Sand with an Orbital Sander
Sanding a floor with a drum sander and edger is the most difficult and time-consuming procedure in floor refinishing, and it often takes the trained hand of a professional to do it right. You can get comparable sanding results with much less effort by using a flooring orbital sander, which is easier to operate and safer for your floor. It isn't the best machine for removing extra hard finishes or for wearing down buckled floorboards, but it's one you can confidently use yourself, thereby saving you the expense and bother of hiring a refinishing contractor. For places where the flooring meets the wall, doorways or molding, use a rotary tool and a sanding drum attachment to remove the finish in these hard to reach areas.
Screen the Floor
If the finish on your floor is dull, yellowed or cracked, but the flooring is in otherwise good condition, you may be able to avoid sanding by simply restoring the finish. The only equipment you need besides the tools for cleaning the floor and spreading the new finish is a floor buffer. Fit the buffer with a sanding screen attachment and a 120-grit sanding screen and use it to scuff down the old finish, then vacuum up the dust and spread a new finish coat. In this way, you can have the floor looking like new with a minimum of effort.
Use a Chemical Sanding Product
If you only want to restore the finish, you can do it without even the expense and trouble of renting a floor buffer by using a chemical sanding product. Spread it with a mop and allow it to work for the time specified on the container. It will eat into the existing finish just enough to roughen it up so it will accept a new finish. This method is often called dustless sanding, and it requires no special tools.
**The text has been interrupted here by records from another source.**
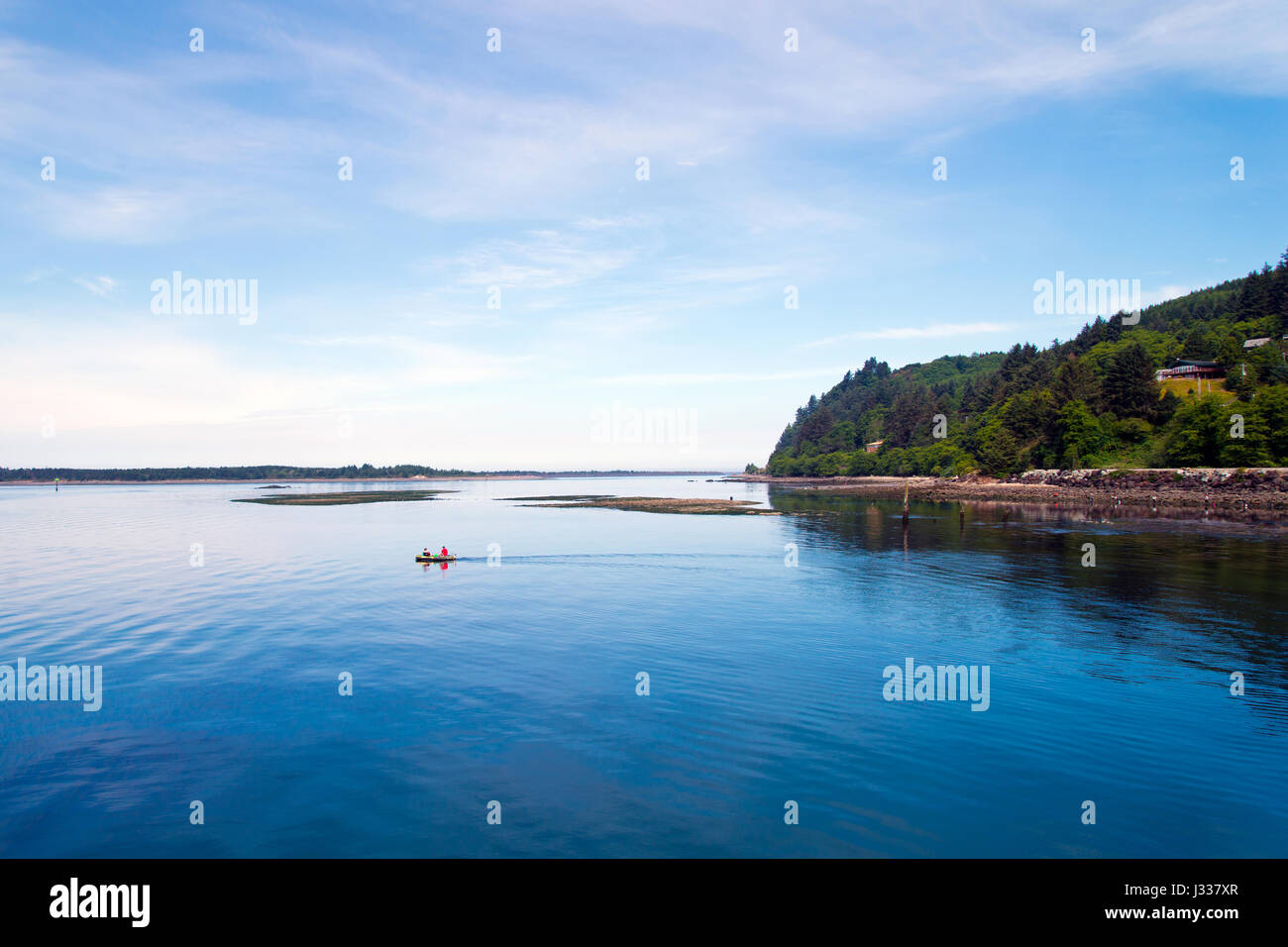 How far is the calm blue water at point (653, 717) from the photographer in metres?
16.4

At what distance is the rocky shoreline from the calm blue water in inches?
2399

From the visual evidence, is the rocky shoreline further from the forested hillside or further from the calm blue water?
the calm blue water

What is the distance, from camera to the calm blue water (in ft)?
53.9

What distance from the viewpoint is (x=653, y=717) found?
23.8 meters

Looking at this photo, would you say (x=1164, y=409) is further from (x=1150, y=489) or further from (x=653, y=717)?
(x=653, y=717)

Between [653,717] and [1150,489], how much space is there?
138m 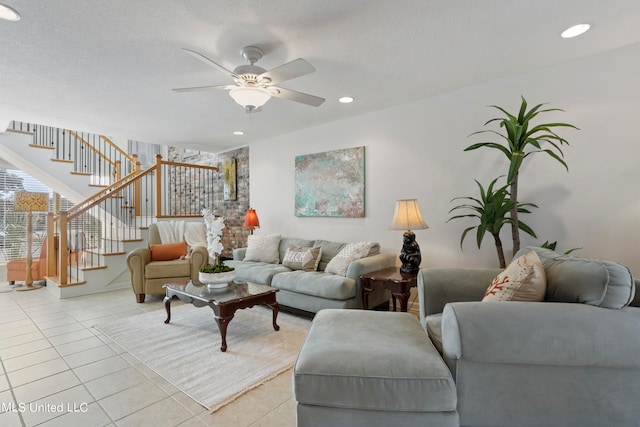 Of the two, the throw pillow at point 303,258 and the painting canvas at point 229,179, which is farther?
the painting canvas at point 229,179

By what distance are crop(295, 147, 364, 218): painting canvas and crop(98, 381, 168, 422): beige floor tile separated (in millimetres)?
2855

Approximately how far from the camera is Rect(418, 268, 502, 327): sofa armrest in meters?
2.15

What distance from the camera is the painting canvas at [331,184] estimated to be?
4062mm

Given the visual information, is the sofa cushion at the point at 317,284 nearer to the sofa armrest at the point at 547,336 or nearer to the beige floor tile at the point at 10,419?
the sofa armrest at the point at 547,336

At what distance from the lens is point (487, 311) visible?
1.41 metres

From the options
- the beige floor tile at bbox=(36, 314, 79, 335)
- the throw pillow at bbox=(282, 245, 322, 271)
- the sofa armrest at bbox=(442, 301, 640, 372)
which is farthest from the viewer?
the throw pillow at bbox=(282, 245, 322, 271)

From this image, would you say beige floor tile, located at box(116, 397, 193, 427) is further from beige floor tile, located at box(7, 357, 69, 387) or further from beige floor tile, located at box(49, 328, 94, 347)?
beige floor tile, located at box(49, 328, 94, 347)

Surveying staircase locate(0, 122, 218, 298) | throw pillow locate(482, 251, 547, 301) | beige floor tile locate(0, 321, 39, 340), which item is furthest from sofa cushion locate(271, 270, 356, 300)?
staircase locate(0, 122, 218, 298)

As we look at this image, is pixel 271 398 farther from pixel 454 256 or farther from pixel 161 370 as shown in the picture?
pixel 454 256

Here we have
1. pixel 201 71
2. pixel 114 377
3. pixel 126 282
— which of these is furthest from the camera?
pixel 126 282

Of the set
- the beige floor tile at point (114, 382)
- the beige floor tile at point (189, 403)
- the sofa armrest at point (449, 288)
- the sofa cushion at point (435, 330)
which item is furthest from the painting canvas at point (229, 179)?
the sofa cushion at point (435, 330)

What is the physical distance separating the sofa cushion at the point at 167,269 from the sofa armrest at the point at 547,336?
3751 millimetres

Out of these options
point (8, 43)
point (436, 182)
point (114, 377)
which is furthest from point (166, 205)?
point (436, 182)

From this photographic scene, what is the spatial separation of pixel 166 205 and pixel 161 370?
5980 millimetres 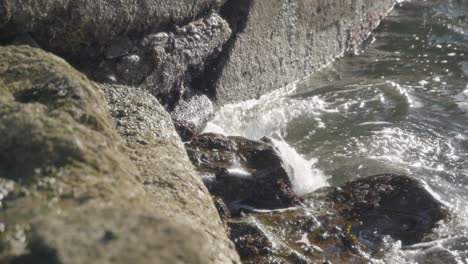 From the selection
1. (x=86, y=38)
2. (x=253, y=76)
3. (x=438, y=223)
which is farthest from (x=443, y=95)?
(x=86, y=38)

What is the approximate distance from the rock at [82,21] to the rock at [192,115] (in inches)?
28.2

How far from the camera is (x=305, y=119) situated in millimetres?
7352

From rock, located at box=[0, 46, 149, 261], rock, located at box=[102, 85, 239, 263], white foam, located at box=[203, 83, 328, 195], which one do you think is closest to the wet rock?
white foam, located at box=[203, 83, 328, 195]

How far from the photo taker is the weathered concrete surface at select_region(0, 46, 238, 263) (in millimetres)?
2002

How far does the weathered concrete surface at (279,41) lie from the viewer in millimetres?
6836

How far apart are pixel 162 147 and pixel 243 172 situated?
1.47m

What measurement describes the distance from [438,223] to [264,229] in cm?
142

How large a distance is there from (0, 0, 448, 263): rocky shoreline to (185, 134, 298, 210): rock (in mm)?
10

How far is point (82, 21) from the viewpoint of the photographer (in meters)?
4.79

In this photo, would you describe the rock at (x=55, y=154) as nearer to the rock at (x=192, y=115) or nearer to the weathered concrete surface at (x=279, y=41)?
the rock at (x=192, y=115)

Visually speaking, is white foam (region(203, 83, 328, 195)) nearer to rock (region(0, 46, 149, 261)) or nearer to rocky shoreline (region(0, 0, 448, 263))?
rocky shoreline (region(0, 0, 448, 263))

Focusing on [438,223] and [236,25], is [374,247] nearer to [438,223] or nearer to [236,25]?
[438,223]

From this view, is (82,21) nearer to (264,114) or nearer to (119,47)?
(119,47)

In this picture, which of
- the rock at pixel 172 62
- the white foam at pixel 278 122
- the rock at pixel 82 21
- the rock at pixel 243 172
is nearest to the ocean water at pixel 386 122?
the white foam at pixel 278 122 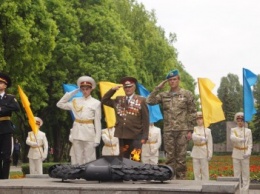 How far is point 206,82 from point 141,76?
29.3 metres

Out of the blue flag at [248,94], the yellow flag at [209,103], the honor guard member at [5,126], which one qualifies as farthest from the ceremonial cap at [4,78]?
the blue flag at [248,94]

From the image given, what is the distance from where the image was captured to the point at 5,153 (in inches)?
432

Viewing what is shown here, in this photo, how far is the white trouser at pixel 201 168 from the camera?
15742 millimetres

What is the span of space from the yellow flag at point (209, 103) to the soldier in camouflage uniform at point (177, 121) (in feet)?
11.2

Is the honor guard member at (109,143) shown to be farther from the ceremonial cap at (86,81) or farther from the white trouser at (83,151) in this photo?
the ceremonial cap at (86,81)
Be sure to give the floor a good cleaning to remove wax and grime before you use it.
Stain the Floor Darker
Avoid extensive sanding to remove stains and discolorations in the floorboards by staining the floor with a dark stain. You can sand the floor with an orbital sander, screen it with a floor buffer or use a chemical sander, then apply the stain without further ado. It's an effective way to mask water spots and other imperfections without going to the trouble of removing them. If your floor has developed gaps, fill them with a filler that matches the existing floor, then sand. When you stain and finish the floor, the filler will blend with the rest of the wood.